The thesis found that poverty in the slums of Adama was most strongly influenced by, participation in the ‘informal’ sector of the economy, income, infrastructures, access to quality housing and other. Almost it is possible to call poor people found in slum area in the city are ‘absolute poor’, those who experienced poverty and vulnerability. In summary, the urban poor remain very much dependent on their household and social networking, the main social capital they use to adapt to life in Adama City.
Overall, the urban poor in this study experience the highest level of poverty and vulnerability in their everyday life.

Key words: Household, urban poverty, Slum, coping strategies,

Introduction
Rural to urban migration has created rapid urbanization especially in sub-Saharan Africa countries concurrently with slow economic growth over the past decades. The number of populations in Africans living in urban has been increased from last 60 years (United Nations, 2010). The urban poverty debate engaged the issue of restructuring and household strategies during the last decade. Sassen’s (1991) thesis reveals that macro-economic restructuring causes a new social l polarization between emergent high-income and low-income occupational strata. A number of studies focus on household strategies in the period of global restructuring. Bryan Roberts (1995) stated that as poor households engaged in ‘informal’ sectors dependent on their household (Roberts, 1994).

The study conducted based on ‘livelihood framework’ s suggests that poverty is a product not just of material poverty, but of a set of interlocking factors, including physical weakness, social isolation, vulnerability and powerlessness (Rakodi, 2002). It studied from bottom up’, drawing largely from literature on sustainable livelihoods and then considers the structures and process ‘from the top down’ that helps or enables urban development at the same time oblige for urban development (Coetzee, 2002).
In Ethiopia, urban poverty, in comparison to rural poverty and national level poverty, has increased over time. This has necessitated urban poverty reduction as an important area of intervention in urban development and planning. Urban poverty reduction policies and strategies, however, have to be based on needs, capabilities and activities of the urban poor for effective achievements. Policies also need to address the differential situations the poor face in different cities and towns (OSSREA.2009).

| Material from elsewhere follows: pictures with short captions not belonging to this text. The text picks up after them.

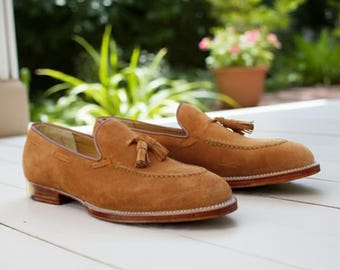 Handgemaakte suède loafers met kwastjes - bruinbruine instappers
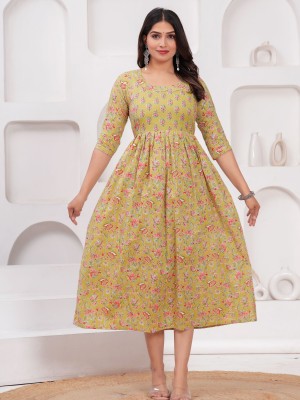 Cream Floral Print Soft Cotton Maternity Gown for Baby Feeding Anarkali Kurti with Hidden Zip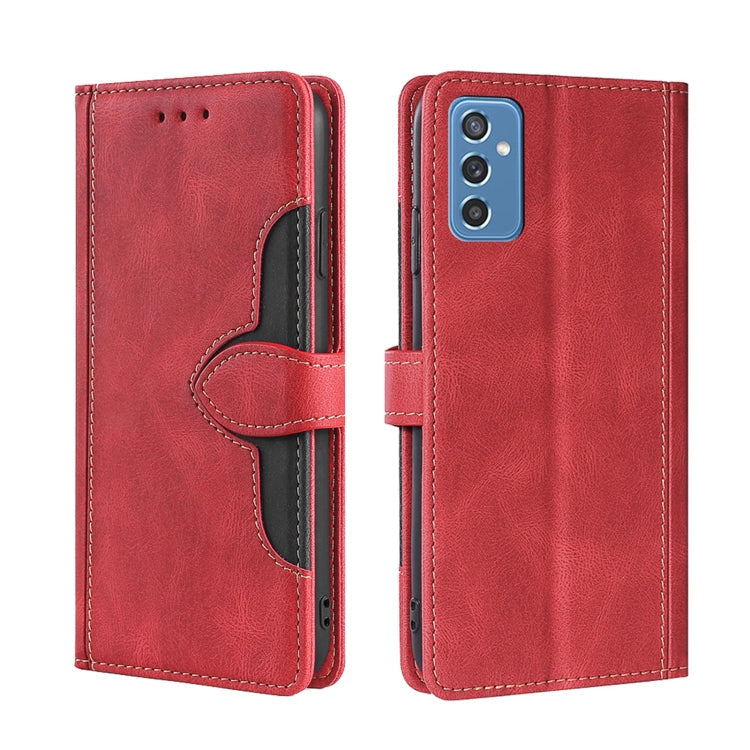 For Samsung Galaxy M52 5G Skin Feel Straw Hat Magnetic Buckle Leather Phone Case(Red)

The study area (Adama) is one of the town where the business and industries are growing rapidly simultaneously where there are many social problems increasing as a result of the population growth. Many of people infiltrate into the town from various parts of the country in search of jobs. Over population, unemployment, destitution, lack of income, poor housing conditions, poor health conditions, lack of access to basic facilities such as potable water, electric power, and a lack of reserves, etc are the major problem that most inhabitants are confronted with (Bezabih, 2009).
1.1 Objectives
To identify the poverty and vulnerability level of poor communities in the city,
To identify the urban poor households livelihoods strategies to cope with their poverty and vulnerability,
To identify whether family and social network uses as the urban poor coping strategy.
Research Methodology & Design
The research design used in this study was the descriptive survey design. The quantitative method/approach was used to analyze data that collects from structured questionnaires distributed to households whereas the qualitative research approach was used to analyze the data collected from unstructured interviews.
2.1 Source of data
2.1.1 Primary source: Structured household survey questionnaire was used to collect primary data on the demographic, socio-economic and level of poverty of poor households, social services and social networks of urban poor and in conducting unstructured interviews, the researcher used purposive sampling in selecting the interviewees for unstructured interviews from each kebeles.
2.1.2 Secondary source: Documents and related materials used to strength the findings.

2.2 Sampling method:
Predominantly, the study used a purposive sampling technique focusing on the inhabitants those are poor in the study. Using purposive sampling technique, 200 poor households were selected as a respondent, the researcher believes that these subjects are fit for the research compared to other individuals again because of time, money and workforce the researcher forced to use this sampling technique.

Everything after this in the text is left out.